Sounds a bit like Bendigo Mining (BDG)


----------



## bvbfan (22 April 2006)

Yeah, BDG for the 2nd one
BDG market cap just under 1 billion AUD


----------



## nizar (22 April 2006)

Marky1117 said:
			
		

> I'm also looking for an Australian gold stock set to start new gold production in June! Just one of its projects is estimated to produce over 500,000 ounces of gold a year for more than 20 years!
> 
> Anyone know which stock this is?
> 
> Appreciate your help.




BDG as the others have said

Its actually 600,000oz pa

But 1st year of production only 120,000oz then ramping up to the 600,000oz over the next 5 years..

COsts seem to be low as well, au$200/oz...


----------



## Marky1117 (22 April 2006)

Thanks for finding BDG - any thoughts on this company's stock?


----------



## Joe Blow (22 April 2006)

Marky1117 said:
			
		

> Thanks for finding BDG - any thoughts on this company's stock?

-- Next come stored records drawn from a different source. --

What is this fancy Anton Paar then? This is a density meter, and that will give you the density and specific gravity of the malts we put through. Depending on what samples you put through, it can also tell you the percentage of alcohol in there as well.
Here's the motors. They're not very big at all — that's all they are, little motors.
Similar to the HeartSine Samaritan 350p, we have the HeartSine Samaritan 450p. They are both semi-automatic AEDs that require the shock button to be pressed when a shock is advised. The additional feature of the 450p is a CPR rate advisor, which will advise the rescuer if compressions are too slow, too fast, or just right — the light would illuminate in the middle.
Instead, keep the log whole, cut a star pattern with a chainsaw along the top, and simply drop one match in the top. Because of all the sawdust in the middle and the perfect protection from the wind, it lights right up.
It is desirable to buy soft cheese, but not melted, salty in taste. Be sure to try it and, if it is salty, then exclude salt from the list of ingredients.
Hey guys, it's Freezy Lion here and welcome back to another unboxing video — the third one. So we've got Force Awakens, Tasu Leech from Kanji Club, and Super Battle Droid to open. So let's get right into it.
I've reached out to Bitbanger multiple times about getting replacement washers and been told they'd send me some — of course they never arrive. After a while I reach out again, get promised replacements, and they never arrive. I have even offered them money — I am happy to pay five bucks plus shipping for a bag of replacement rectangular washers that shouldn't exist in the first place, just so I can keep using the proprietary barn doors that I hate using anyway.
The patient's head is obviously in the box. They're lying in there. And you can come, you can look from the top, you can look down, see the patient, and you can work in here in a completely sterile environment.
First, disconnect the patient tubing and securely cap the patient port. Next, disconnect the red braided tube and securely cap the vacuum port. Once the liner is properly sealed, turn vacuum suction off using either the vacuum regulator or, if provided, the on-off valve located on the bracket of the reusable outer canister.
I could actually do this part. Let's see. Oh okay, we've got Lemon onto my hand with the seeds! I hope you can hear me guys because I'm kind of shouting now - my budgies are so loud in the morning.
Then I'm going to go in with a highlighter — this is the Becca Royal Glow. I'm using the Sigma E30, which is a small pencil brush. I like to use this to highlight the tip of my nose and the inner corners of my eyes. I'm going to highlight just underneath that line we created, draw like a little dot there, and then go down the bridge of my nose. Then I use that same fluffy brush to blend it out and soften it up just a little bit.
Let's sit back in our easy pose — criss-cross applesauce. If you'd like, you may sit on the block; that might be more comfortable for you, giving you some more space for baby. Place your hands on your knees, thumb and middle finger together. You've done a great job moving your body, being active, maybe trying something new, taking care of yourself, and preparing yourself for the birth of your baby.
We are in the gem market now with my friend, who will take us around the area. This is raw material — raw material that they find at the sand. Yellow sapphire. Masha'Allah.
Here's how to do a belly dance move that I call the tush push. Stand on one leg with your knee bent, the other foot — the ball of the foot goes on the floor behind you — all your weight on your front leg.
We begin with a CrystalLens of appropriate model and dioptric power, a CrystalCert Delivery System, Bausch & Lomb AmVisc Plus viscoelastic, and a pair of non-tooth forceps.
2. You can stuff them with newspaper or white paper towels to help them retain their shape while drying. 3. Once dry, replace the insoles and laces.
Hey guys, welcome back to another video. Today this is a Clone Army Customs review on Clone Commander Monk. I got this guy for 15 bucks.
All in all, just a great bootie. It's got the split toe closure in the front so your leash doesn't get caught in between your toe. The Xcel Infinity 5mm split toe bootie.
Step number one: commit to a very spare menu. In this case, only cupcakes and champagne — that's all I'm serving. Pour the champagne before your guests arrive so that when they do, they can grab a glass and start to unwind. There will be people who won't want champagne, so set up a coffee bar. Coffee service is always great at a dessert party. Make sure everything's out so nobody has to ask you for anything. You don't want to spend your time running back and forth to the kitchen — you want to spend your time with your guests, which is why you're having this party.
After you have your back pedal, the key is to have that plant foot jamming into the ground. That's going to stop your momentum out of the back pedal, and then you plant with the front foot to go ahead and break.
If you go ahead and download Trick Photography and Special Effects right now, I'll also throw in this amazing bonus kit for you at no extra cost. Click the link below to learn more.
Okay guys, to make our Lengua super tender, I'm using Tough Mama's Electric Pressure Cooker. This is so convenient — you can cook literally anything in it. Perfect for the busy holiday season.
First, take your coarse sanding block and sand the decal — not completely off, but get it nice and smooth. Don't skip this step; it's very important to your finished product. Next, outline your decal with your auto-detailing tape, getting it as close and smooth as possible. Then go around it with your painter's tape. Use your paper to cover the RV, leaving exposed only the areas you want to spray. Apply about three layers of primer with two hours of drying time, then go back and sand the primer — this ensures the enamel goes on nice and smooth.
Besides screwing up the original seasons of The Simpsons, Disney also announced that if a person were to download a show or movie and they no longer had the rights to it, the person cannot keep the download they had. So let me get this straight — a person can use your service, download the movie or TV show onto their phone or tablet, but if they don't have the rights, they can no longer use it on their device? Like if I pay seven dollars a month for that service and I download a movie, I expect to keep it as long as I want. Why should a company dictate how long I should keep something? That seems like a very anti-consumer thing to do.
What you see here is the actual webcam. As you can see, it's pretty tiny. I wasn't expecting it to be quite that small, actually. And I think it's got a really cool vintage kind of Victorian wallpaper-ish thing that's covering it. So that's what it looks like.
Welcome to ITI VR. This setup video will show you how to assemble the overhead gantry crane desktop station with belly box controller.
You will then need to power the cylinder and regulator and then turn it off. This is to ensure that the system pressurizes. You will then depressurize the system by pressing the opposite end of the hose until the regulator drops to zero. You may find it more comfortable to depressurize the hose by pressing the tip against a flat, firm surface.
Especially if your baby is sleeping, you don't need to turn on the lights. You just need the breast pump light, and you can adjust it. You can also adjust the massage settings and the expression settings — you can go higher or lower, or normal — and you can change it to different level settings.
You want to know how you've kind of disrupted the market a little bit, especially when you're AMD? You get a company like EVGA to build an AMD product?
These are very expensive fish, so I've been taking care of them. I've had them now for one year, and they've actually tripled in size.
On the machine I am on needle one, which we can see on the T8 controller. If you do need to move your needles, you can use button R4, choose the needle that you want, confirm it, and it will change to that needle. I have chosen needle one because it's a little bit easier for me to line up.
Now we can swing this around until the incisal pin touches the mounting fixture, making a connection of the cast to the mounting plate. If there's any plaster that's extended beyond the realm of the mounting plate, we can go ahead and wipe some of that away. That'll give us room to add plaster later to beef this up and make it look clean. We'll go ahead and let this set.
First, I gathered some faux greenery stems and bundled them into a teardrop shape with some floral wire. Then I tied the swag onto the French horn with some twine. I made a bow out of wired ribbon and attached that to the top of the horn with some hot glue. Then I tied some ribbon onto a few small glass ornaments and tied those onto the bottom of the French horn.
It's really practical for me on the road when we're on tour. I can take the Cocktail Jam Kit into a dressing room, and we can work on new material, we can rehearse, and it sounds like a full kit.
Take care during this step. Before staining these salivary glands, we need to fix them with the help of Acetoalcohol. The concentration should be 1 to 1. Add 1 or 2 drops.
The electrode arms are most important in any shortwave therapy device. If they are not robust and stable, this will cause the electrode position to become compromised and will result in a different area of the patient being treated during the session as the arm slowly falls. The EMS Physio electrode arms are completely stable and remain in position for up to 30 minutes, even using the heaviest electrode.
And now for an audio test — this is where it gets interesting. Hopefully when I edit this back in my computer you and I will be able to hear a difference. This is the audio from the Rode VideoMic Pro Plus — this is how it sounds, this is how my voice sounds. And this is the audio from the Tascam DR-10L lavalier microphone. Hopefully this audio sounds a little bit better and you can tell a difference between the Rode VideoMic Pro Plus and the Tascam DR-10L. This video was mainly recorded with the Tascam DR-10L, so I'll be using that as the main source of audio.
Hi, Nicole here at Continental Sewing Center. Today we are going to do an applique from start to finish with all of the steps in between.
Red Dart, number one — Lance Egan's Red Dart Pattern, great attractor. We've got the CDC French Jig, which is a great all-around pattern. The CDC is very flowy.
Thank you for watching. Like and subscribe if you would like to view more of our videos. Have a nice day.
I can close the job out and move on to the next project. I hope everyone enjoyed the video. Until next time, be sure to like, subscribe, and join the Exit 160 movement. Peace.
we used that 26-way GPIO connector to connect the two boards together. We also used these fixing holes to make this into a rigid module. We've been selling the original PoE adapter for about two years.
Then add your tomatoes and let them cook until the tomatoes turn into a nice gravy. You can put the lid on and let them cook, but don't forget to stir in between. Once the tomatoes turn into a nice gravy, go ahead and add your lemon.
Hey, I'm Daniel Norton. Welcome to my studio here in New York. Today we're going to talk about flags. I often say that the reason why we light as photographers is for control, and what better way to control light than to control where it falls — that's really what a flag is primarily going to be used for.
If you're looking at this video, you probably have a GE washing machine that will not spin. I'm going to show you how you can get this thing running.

Marky, you can find discussion on BDG in the BDG thread: https://www.aussiestockforums.com/forums/showthread.php?t=1063


----------



## crackaton (22 April 2006)

BGF also comes to mind.


----------



## Fab (22 April 2006)

I am thinking IOH


----------



## nizar (22 April 2006)

Fab said:
			
		

> I am thinking IOH




Unless things have changed these guys (IOH) are into iron ore exploration


----------



## RichKid (23 April 2006)

Marky1117 said:
			
		

> Hi,
> 
> I'm looking for the Australian gold company which has 8.7 million ounces of gold. But this company’s market cap is a tiny $287 million.
> 
> ...




I've advised Marky1117 by PM about the posting guidelines and code of conduct here on ASF. If this was a genuine call for help I'd have expected a different approach and maybe more disclosure (see other threads by Marky) and some background info on any relevant tipsheet that's spruiking it.

Marky, please post in the appropriate threads for each co, I'm sure you know which ones they really are.


----------



## Porper (23 April 2006)

RichKid said:
			
		

> I've advised Marky1117 by PM about the posting guidelines and code of conduct here on ASF. If this was a genuine call for help I'd have expected a different approach and maybe more disclosure (see other threads by Marky) and some background info on any relevant tipsheet that's spruiking it.
> 
> Marky, please post in the appropriate threads for each co, I'm sure you know which ones they really are.




I don't think there is any doubt about the credibility (or lack of) in these type of posts.

Unfortunately as ASF grows we are bound to get some of the undesirables off Hotcopper etc.


----------



## powwww (24 April 2006)

Porper said:
			
		

> I don't think there is any doubt about the credibility (or lack of) in these type of posts.
> 
> Unfortunately as ASF grows we are bound to get some of the undesirables off Hotcopper etc.




spot on - we need some kind of credibility vote for members.  Otherwise I can see it becoming out of hand at one time or another.  Enthusiasm is great but ramping isn't.  I'm not implying either by the way...


----------